Nous avons ont recours à des outils fondés sur des preuves. Nos évaluations nous permettent de comprendre les vulnérabilités et les forces d'un témoin. Nous les accompagnons tout au long de leurs témoignages et sommes là pour les aider.
Notre équipe parle aux témoins et aux victimes de ce dont ils ont peur et de ce que le processus signifie pour eux, pour leur vie. (Photo: Frank Schinski)
Dans une salle d'audience, chaque mot compte et les émotions sont amplifiées. Les témoins et les victimes peuvent se sentir très exposés et vulnérables, mais parfois aussi très responsabilisés et vus. Cela a un gros impact psychologique. (Frank Schinski)
Je me suis intéressée à la justice lorsque j’étais en poste au Rwanda. Je travaillais aux côtés de conseillers en traumatisme locaux. Beaucoup de femmes avec lesquelles nous avions travaillé étaient victimes de violences sexuelles…
… et elles avaient ce fort souhait de raconter leur histoire. J'ai trouvé fascinant que cela soit une force si positive pour elles. C'est devenu mon cheminement de carrière. J'ai ensuite eu la chance de créer une unité d'aide aux témoins au TSSL.
Je suis devenue l'une des premières psychologues à travailler dans les mécanismes de justice internationale. Suivre ma passion a fait de moi une pionnière et j'en suis toujours très reconnaissante.
J'ai rejoint la Cour en 2009. Avant mon arrivée, le premier procès de la CPI venait de commencer, dans l'affaire Lubanga. L'un des premiers témoins est venu témoigner : un ancien enfant soldat.
Assis dans le box des témoins, il s'est totalement figé. Le procès a dû être suspendu. Le juge avait alors insisté pour qu’il y ait un psychologue au sein du personnel de la CPI, comme le prévoit le Statut de Rome, pour évaluer et soutenir les témoins.
Ceci s’est passé le 4 février. Le 6 février, je recevais l'appel téléphonique. Et le 13 février, j'étais ici, en tant que la première psychologue de la CPI dans ce rôle. Je suis arrivée à la Cour et notre équipe a commencé à développer …
… tout le système d'évaluation psychologique et de soutien aux victimes et aux témoins. Nous avons construit le système à partir de rien. Tout au long de ma carrière, j'ai rencontré des centaines de témoins et de victims.
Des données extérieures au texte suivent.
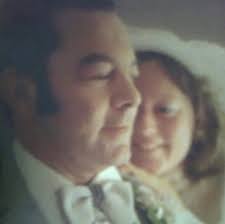 Is the man in the photo the groom or the father?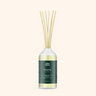 Diffuser bottle with wooden sticks on a white background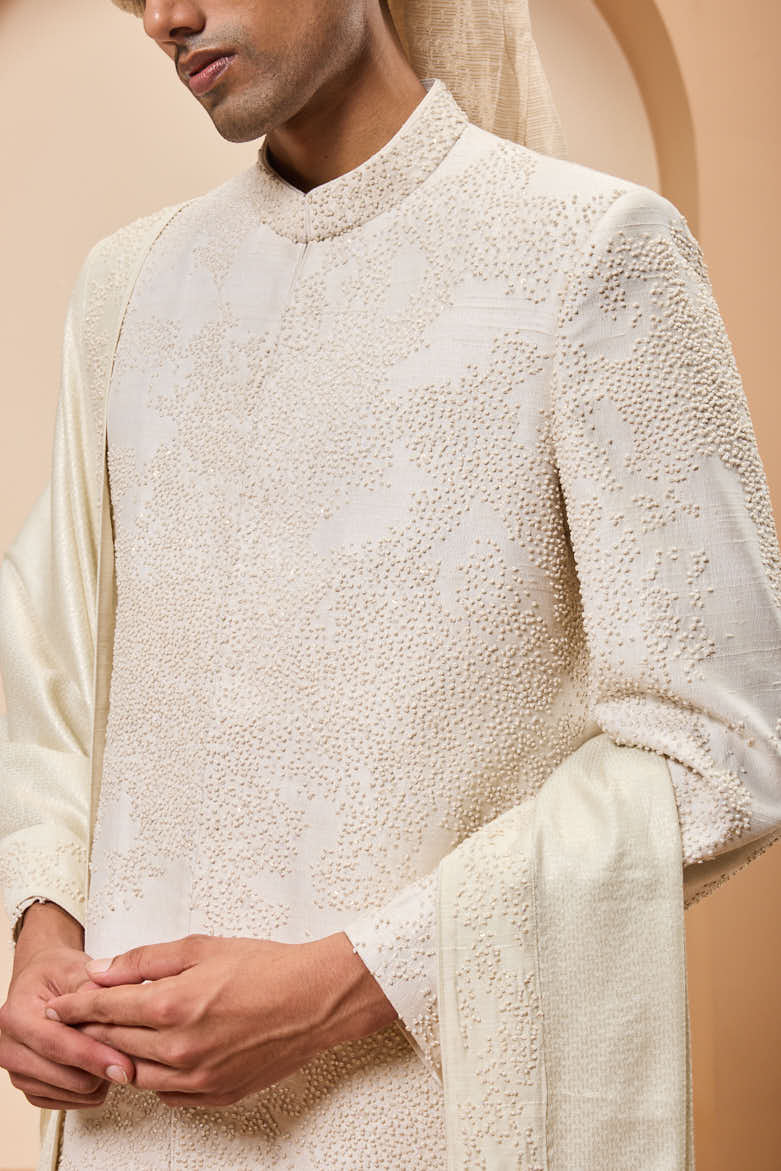 Ivory sherwani detailing with pearl,sequins and thread work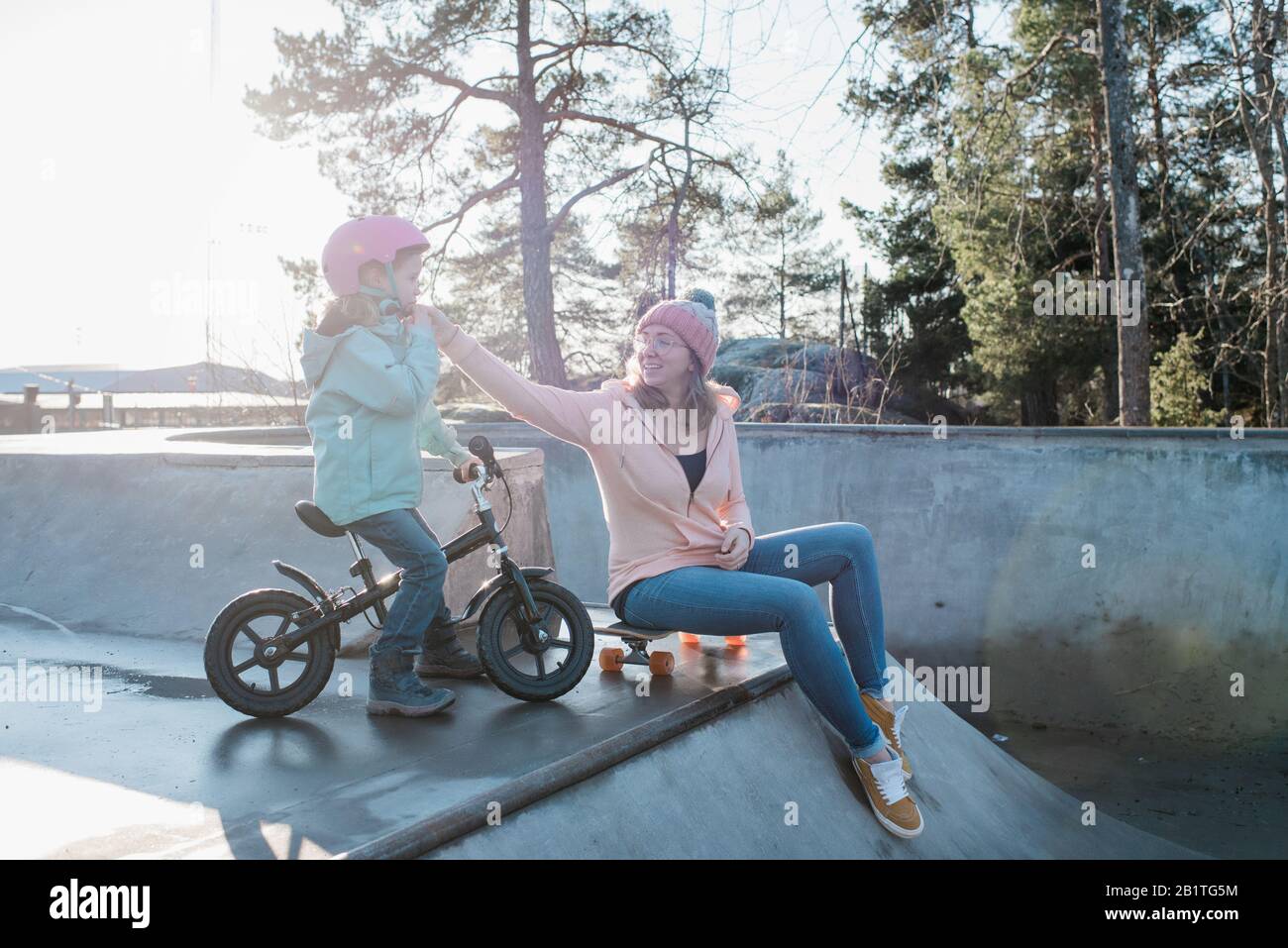 mamma che aiuta sua figlia con il casco in uno skatepark Foto Stock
J'ai vu que, si on leur donne l'espace et le soutien dont ils ont besoin pour raconter leur histoire, les survivants de crimes atroces peuvent être des témoins très importants. Témoigner peut être un moyen puissant de regagner sa dignité.
Je suis impressionnée par l'espoir et le courage des témoins et aux victimes. Ils veulent la justice. L'expérience m'a montré que nous pouvons aussi jouer un rôle important, si nous nous concentrons sur ce qui compte dans la vie des gens.